Given a sorted array how can we find a number in the most optimal time?

Binary Search is a way where we can divide the problem in half each iteration we go. It's actually one the most easiest and fundamental search algorithm that runs in O(Log N) time.

What the heck is O (Log N)?

First we need to understand what the O in this means. 

In computer science, "O" typically refers to Big O notation, which is used to describe the performance or complexity of an algorithm. Big O notation provides an upper bound on the growth rate of an algorithm's time or space complexity in terms of the input size. It is a way to analyze and compare the efficiency of different algorithms.

For example, if an algorithm has a time complexity of O(n), it means that the running time of the algorithm grows linearly with the size of the input. If an algorithm has a time complexity of O(log n), it means the running time grows logarithmically with the input size.

The "O" in Big O notation stands for "order of," and it is followed by a mathematical expression that describes the upper bound of the algorithm's growth rate.

Great? Great. So what does Log N mean?

Well in terms of N, given an array of elements of size N or in other words given a stash of 16 apples we can say N is 16. 

As for log you will need to understand what the log function means in math; Log is a function to find the exponent of an expression.

Expressed mathematically, x is the logarithm of n to the base b
if b^x = n, in which case one writes x = log b n.
Log Formula

Log 100 in base of 10 is equal to 2, because 10^2 = 100. However since computers work in base 2 we can say that Log 16 in base 2 is equal to 4 because 2^4 = 16. 

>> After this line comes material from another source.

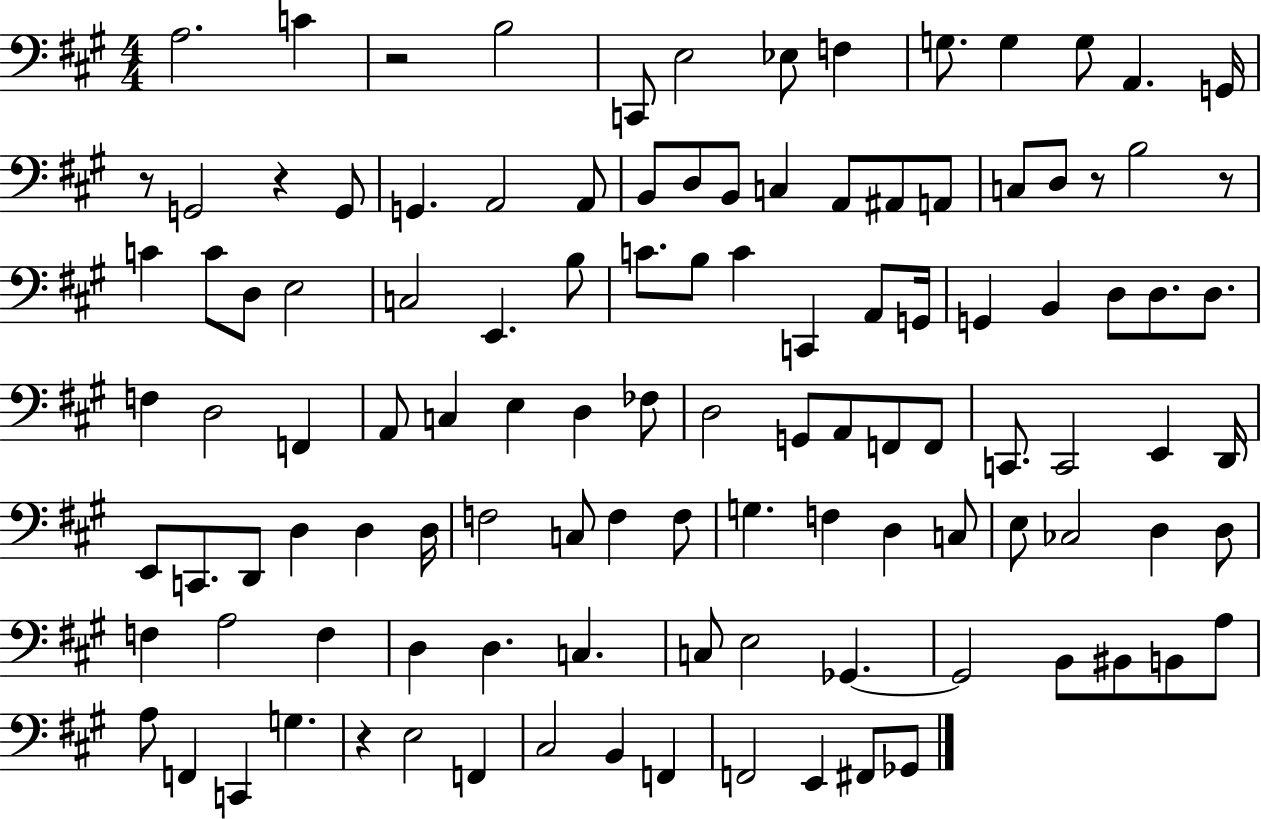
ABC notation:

Now how does O (Log N) factors into play? Well time complexity is important topic of discussion in computer science because it helps us measure approximately how long our algorithm will take given in Time T. 

Time Complexity Graph
Let's further use our apple example; say we want to get the 9th apple out of the 16 apples we have. If we want to get the 9th apple we have to count starting from 1 until we get to 9.
Linear Search

That will take 9 whole iterations to get the 9th apple. Well with binary search, searching is much different.

Binary Search
We start off with a low + high value, our low would be 0, our high will be the size of the array or how much apples we have and our mid will be the average of Low + High. 

Target = 9, Low = 0, High = 16, Mid = (Low + High / 2) = 8

In binary search we know that 8 is not what we're looking for since we have a higher target so we say Low = Mid + 1. 

Low = 9, High = 16, Mid = (9 + 16) / 2 = 12

Why is it 12? Since it's an array we are working with and array indexes are integers; integers truncates after the decimal point leaving only the number before the decimal point essentially it's taking the floor of the number. 

In this case our Target is lower so we say High = Mid.

Low = 9, High = 12, Mid = (9 + 12) / 2 = 10

Target is lower; High = Mid.

Low = 9, High = 10, Mid = (9 + 10) / 2 = 9

Our mid is now equal to our target but guess what? That only took 4 iterations which is why our formula is O (Log N) because Log 16 of base 2 is equal to 4.

So next time you go into the supermarket and you want to find the 9th apple on the shelf just remember this formula so you can look for it in O (Log N) time. Just binary search it 👌🏾